Problem details:
Starting with the line containing "Central microchip with" and going on through the line containing "Flower Print Decoration", return the lines of the data below exactly, and only those.

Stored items
• • • •

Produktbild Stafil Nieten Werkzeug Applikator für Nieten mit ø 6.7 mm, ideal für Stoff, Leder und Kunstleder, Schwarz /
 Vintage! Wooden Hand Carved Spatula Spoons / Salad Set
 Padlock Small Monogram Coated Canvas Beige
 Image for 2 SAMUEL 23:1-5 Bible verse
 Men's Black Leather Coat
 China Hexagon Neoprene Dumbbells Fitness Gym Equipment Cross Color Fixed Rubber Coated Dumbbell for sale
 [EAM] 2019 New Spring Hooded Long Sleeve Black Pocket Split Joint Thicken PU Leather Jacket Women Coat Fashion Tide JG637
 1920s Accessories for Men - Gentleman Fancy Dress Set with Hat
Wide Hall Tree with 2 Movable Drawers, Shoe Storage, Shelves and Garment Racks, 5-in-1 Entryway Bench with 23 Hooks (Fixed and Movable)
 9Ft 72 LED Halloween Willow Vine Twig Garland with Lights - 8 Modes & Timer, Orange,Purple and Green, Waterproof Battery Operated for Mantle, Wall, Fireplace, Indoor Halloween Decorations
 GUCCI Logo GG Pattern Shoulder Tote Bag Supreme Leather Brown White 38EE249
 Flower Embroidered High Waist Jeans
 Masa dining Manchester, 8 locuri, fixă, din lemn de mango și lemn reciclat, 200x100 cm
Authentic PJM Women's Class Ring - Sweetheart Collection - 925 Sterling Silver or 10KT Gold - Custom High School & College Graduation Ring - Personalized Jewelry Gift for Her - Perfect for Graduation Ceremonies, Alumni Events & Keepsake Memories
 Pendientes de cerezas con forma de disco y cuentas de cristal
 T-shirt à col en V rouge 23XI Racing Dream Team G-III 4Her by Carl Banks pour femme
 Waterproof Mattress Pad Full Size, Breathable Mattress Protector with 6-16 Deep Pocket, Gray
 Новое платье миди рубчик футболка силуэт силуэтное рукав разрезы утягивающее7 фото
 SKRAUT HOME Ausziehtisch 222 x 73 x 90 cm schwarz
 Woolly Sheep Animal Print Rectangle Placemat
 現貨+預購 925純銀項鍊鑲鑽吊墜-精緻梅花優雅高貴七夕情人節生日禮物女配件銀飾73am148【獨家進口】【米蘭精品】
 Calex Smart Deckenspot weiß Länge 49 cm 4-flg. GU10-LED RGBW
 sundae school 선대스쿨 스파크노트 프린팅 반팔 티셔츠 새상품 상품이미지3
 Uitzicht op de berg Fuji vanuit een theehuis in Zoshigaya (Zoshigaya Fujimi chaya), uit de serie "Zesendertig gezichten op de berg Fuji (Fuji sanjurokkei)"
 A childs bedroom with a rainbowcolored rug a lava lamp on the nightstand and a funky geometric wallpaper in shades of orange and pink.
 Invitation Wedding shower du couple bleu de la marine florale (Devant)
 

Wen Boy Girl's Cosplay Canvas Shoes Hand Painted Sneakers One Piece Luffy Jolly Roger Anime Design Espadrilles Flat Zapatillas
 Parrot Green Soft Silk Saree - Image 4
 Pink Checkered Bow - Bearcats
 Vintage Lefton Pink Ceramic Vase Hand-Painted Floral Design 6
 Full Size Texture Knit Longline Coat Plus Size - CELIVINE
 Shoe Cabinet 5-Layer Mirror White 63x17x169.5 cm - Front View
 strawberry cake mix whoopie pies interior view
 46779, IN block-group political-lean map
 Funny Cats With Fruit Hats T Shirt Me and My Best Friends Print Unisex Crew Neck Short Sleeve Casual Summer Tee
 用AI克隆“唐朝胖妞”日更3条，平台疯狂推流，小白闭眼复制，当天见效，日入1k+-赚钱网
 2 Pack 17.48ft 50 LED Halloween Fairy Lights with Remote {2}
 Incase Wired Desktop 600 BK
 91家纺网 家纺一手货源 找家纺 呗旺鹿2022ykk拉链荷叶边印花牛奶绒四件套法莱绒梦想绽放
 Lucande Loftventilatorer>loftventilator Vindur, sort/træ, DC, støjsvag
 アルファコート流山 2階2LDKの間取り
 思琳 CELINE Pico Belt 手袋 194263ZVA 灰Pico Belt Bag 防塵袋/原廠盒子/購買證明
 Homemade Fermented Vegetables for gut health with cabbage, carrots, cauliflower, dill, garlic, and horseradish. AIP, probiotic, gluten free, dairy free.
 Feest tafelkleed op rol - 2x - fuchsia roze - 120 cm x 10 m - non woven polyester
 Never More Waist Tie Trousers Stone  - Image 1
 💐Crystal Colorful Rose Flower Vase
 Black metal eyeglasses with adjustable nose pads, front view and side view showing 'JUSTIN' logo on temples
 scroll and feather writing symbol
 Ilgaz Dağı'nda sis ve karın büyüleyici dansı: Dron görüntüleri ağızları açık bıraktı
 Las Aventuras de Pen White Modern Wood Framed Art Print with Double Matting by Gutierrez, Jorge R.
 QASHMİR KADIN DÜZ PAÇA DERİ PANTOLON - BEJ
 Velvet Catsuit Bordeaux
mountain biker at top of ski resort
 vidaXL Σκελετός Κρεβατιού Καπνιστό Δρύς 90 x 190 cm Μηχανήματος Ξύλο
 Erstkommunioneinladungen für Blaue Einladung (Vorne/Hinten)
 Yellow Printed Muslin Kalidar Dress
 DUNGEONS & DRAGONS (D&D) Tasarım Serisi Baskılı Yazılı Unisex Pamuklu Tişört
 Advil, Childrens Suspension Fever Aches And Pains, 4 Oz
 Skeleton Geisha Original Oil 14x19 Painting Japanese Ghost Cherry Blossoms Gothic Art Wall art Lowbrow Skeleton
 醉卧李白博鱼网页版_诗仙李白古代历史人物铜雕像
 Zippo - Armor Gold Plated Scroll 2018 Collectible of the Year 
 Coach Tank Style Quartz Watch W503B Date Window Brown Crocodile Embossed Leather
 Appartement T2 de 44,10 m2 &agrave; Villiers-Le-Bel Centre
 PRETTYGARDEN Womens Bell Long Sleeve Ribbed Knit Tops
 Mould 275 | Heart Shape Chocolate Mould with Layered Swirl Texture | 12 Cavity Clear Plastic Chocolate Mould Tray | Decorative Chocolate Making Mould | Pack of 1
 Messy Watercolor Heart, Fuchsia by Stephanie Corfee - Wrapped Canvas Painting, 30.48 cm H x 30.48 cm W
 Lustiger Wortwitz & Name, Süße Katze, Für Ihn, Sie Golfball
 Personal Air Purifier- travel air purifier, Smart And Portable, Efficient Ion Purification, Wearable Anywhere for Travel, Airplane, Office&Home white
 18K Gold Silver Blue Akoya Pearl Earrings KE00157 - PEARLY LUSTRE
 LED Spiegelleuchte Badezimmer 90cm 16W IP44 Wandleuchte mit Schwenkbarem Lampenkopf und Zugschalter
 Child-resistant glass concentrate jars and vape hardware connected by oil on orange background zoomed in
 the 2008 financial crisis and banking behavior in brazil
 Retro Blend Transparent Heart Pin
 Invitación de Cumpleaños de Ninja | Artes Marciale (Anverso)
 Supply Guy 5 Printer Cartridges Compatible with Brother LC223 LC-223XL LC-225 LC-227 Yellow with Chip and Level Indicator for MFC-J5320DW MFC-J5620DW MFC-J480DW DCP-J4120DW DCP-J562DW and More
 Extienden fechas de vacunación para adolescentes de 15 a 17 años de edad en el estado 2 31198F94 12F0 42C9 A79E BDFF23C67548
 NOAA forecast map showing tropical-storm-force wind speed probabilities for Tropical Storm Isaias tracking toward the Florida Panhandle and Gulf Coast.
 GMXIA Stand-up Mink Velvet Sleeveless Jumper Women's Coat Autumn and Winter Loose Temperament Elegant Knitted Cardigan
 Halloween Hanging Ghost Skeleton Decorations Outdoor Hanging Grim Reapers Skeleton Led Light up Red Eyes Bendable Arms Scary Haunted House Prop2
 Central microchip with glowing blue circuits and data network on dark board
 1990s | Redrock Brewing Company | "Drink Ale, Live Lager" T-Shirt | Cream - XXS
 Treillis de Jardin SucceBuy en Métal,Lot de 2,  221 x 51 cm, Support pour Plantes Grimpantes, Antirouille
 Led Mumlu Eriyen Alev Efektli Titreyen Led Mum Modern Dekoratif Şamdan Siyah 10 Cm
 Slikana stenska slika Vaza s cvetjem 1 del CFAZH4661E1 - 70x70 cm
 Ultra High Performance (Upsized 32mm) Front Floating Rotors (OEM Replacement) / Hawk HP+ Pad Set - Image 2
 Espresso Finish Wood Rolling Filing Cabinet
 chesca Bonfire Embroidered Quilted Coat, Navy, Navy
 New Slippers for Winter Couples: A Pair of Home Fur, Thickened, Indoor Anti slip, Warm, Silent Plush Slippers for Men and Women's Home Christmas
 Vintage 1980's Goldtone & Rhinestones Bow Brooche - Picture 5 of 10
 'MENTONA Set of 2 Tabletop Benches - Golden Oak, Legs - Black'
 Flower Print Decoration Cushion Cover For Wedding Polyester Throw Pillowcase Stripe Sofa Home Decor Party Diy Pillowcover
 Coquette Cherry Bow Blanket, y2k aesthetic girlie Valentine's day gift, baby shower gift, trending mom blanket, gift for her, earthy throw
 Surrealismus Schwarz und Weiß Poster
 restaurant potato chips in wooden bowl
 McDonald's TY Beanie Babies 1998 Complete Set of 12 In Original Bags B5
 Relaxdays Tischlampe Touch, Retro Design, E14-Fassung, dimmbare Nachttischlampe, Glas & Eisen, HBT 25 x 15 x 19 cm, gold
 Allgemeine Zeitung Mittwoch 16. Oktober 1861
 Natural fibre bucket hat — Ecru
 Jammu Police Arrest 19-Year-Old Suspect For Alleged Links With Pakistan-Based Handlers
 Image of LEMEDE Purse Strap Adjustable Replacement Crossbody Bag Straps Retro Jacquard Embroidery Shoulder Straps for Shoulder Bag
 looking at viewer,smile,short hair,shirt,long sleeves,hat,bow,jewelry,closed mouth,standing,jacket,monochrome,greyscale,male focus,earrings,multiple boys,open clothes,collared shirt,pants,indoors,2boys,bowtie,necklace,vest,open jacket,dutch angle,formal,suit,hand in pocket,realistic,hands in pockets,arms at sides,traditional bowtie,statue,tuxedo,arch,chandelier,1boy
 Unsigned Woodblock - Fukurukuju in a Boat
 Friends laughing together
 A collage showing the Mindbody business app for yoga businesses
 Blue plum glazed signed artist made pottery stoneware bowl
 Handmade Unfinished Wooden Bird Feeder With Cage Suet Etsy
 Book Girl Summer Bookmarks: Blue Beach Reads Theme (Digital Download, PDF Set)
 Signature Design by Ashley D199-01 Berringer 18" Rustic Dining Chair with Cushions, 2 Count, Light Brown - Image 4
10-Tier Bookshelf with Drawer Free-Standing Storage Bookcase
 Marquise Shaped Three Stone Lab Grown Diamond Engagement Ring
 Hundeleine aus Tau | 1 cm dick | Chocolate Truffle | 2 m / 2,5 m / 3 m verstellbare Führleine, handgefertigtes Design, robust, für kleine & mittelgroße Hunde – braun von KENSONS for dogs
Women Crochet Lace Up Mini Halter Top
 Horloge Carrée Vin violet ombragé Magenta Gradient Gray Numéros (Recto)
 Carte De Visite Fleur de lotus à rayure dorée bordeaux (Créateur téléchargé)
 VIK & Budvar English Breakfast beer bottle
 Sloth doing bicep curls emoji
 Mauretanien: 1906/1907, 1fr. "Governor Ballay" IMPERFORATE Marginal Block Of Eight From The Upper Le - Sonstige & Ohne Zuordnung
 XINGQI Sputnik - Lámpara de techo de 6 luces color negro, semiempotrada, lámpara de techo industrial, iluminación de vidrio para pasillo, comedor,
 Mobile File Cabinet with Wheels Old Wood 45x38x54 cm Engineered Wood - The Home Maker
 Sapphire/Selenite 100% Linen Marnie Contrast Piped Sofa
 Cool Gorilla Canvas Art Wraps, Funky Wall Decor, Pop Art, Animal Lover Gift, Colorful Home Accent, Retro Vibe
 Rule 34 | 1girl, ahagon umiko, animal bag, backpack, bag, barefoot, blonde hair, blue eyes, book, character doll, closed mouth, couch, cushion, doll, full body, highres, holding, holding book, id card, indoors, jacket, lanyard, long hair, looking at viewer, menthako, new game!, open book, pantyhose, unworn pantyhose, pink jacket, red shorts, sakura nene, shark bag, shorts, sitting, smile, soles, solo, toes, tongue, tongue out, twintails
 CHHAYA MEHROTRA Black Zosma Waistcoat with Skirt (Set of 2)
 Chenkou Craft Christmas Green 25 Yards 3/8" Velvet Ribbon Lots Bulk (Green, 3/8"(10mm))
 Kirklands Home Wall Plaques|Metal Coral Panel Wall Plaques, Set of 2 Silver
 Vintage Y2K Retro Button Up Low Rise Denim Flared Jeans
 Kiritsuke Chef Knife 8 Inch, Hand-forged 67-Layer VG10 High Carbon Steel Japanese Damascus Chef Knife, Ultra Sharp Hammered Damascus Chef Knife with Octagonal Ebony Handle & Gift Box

• • • •

Written response:
 Central microchip with glowing blue circuits and data network on dark board
 1990s | Redrock Brewing Company | "Drink Ale, Live Lager" T-Shirt | Cream - XXS
 Treillis de Jardin SucceBuy en Métal,Lot de 2,  221 x 51 cm, Support pour Plantes Grimpantes, Antirouille
 Led Mumlu Eriyen Alev Efektli Titreyen Led Mum Modern Dekoratif Şamdan Siyah 10 Cm
 Slikana stenska slika Vaza s cvetjem 1 del CFAZH4661E1 - 70x70 cm
 Ultra High Performance (Upsized 32mm) Front Floating Rotors (OEM Replacement) / Hawk HP+ Pad Set - Image 2
 Espresso Finish Wood Rolling Filing Cabinet
 chesca Bonfire Embroidered Quilted Coat, Navy, Navy
 New Slippers for Winter Couples: A Pair of Home Fur, Thickened, Indoor Anti slip, Warm, Silent Plush Slippers for Men and Women's Home Christmas
 Vintage 1980's Goldtone & Rhinestones Bow Brooche - Picture 5 of 10
 'MENTONA Set of 2 Tabletop Benches - Golden Oak, Legs - Black'
 Flower Print Decoration Cushion Cover For Wedding Polyester Throw Pillowcase Stripe Sofa Home Decor Party Diy Pillowcover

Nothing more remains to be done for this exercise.